Why it matters for Ure Dales: Most carbon income to the scheme will flow from voluntary-market buyers, so integrity labelling (WCC / Peatland Code / ICVCM-aligned) is central to price and saleability.
Source: ICVCM — Voluntary Carbon Market Explained
Also: GOV.UK — UK Government Principles for Voluntary Carbon and Nature Market Integrity (2024)
Environmental credit
An umbrella term used in UK land-management practice covering the main tradable environmental outcomes from land use — woodland and peatland carbon credits, biodiversity units, and nitrate and phosphate nutrient offsets. The most widely-cited practitioner reference is Townsend, Burton & Squires, UK Environmental Credits User Guide (Townsend Chartered Surveyors, Exeter, November 2021), whose Preface states that the guide “uses the term ‘environmental credit’ to cover carbon credits, biodiversity units and nitrate offsets.” The Guide is a rural-practice primer, not a formal protocol or certification standard. The UK's formal standards architecture sits separately in the BSI Nature Investment Standards suite (BSI Flex 701–705, published from March 2025, DEFRA-funded), which sets the overarching principles and credit-type requirements for nature markets.
Why it matters for Ure Dales: Where the Ure Dales scheme refers to an “Environmental Credits Protocol” this is scheme-internal shorthand for the 87/3/10 credit-income split applied to Type 2 (environmental credit) income; it is not an established UK title. The authoritative national framework is the BSI Nature Investment Standards.
Source: Townsend, Burton & Squires — UK Environmental Credits User Guide (Nov 2021)

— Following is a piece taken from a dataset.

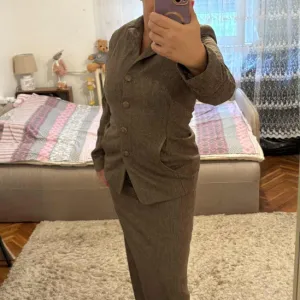 Potpuno ocuvan Mona komplet suknja i sako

Also: GOV.UK — The BSI Nature Investment Standards
Consortium charter
The internal governance document for the Ure Dales Landscape Recovery scheme. It sets out how the consortium's members work together across the long life of the project: the scope of the partnership, who the signatories are, how decisions are made, how disputes are resolved, how revenue from environmental credits is shared, and the long-term obligations each party carries through the development and implementation phases. Specific provisions (signatories, decision-making thresholds, revenue-share formulae, exit terms) will be defined by the Consortium during the development phase and recorded in the charter itself.
Why it matters for Ure Dales: The charter is the backbone of how partners agree who does what, who earns what, and how disputes are resolved over decades — the single most important internal document after the DEFRA agreement itself.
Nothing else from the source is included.